System.Xml.XmlException: Invalid character in the given encoding. Line 57, position 225.
at System.Xml.XmlTextReaderImpl.Throw(Exception e)
at System.Xml.XmlTextReaderImpl.Throw(String res, String arg)
at System.Xml.XmlTextReaderImpl.Throw(Int32 pos, String res)
at System.Xml.XmlTextReaderImpl.InvalidCharRecovery(Int32& bytesCount, Int32& charsCount)
at System.Xml.XmlTextReaderImpl.GetChars(Int32 maxCharsCount)
at System.Xml.XmlTextReaderImpl.ReadData()
at System.Xml.XmlTextReaderImpl.ParseDocumentContent()
at System.Xml.XmlTextReaderImpl.Read()
at System.Xml.XmlTextReader.Read()
at System.Xml.XmlReader.ReadEndElement()
at System.Data.DataSet.ReadEndElement(XmlReader reader)
at System.Data.DataSet.ReadXml(XmlReader reader, Boolean denyResolving)
at System.Data.DataSet.ReadXml(String fileName)
at WinScribe.Client.FormMain.LoadLocalLookupData(Boolean refreshFromServer, Boolean changesOnly)
at WinScribe.Client.FormMain.GoOnline()
at WinScribe.Client.FormMain.Form1_Load(Object sender, EventArgs e)


----------



## Rockn

And what is on this line in the XML file???

System.Xml.XmlException: Invalid character in the given encoding. Line 57, position 225


----------



## springer98

I am not sure what you are asking. I try to sign on and I get this message: Application error in Winscribe Client Patch 3: invalid character in the given encoding Line 57, Position 225. I have been on the phone with winscribe for two days and they can't figure it out. They said there is something missing in my operating system, but I'm not sure if they know. Thanks for any help you can give.


----------



## Rockn

Is there a client piece of software installed on your computer? It appears that there is from your last posting. 

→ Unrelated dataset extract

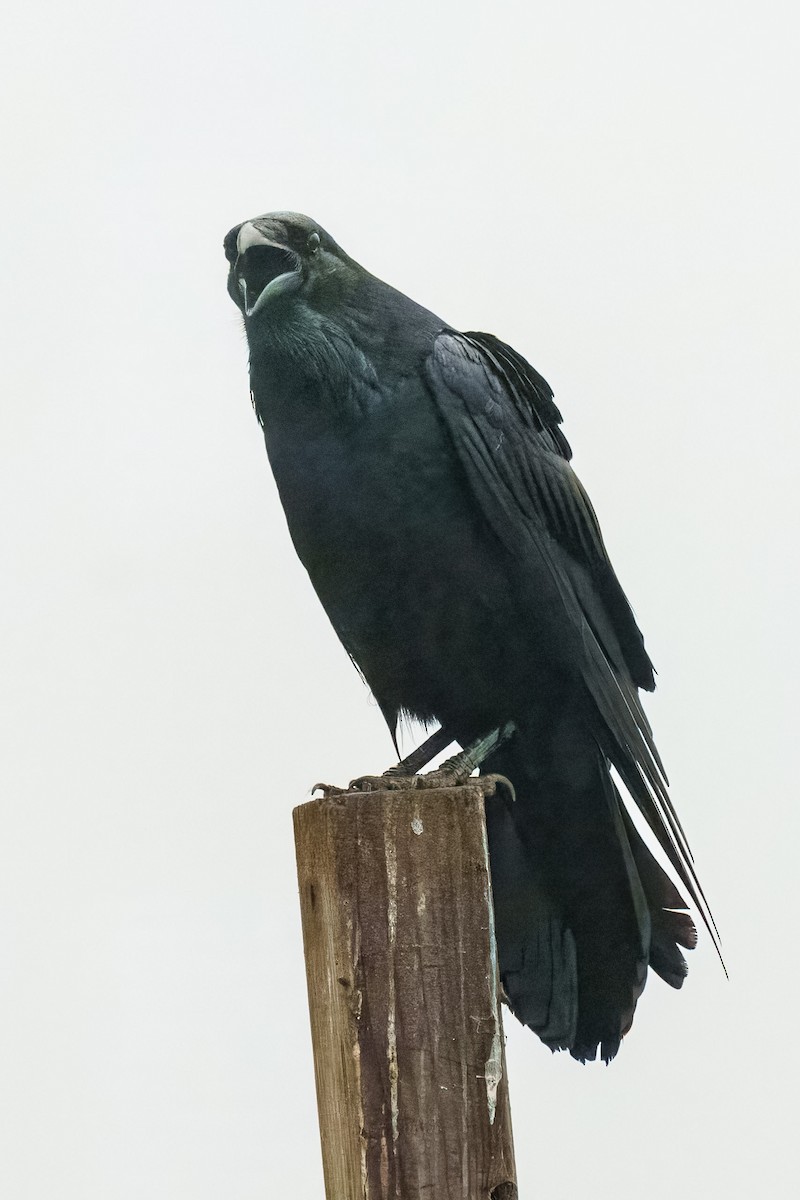 Common Raven - ML646990947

Application error in Winscribe Client Patch 3

Have any Windows updates been done recently that coincide with this failure? Any installations of any software that coincides with the error.


----------



## springer98

I don't think so. I even did a system restore back to June 4th yesterday. That would have removed any if they did download, right? Yes there is software from Winscribe. I have been using this software for the last six years and then all of sudden this happened. But I forgot, in the last couple of months a few times I would click okay to go into the ftp site (winscribe), that error would come up and I would hit close and then all of a sudden the winscribe page would just automatically come up. Now when I hit close I can see something trying to come up in the background, but it doesn't come up it just goes back to the error.


----------



## Rockn

Have you tried an unistall and reinstall of the client software?


----------



## springer98

Yes I tried that at least six times.


----------



## Rockn

If this was a client patch 3 that is causing this the people need to support their software. You obviously cannot do your job if the software doesn't work. Escelate it to someone that knows what they are doing at the software vendor.


----------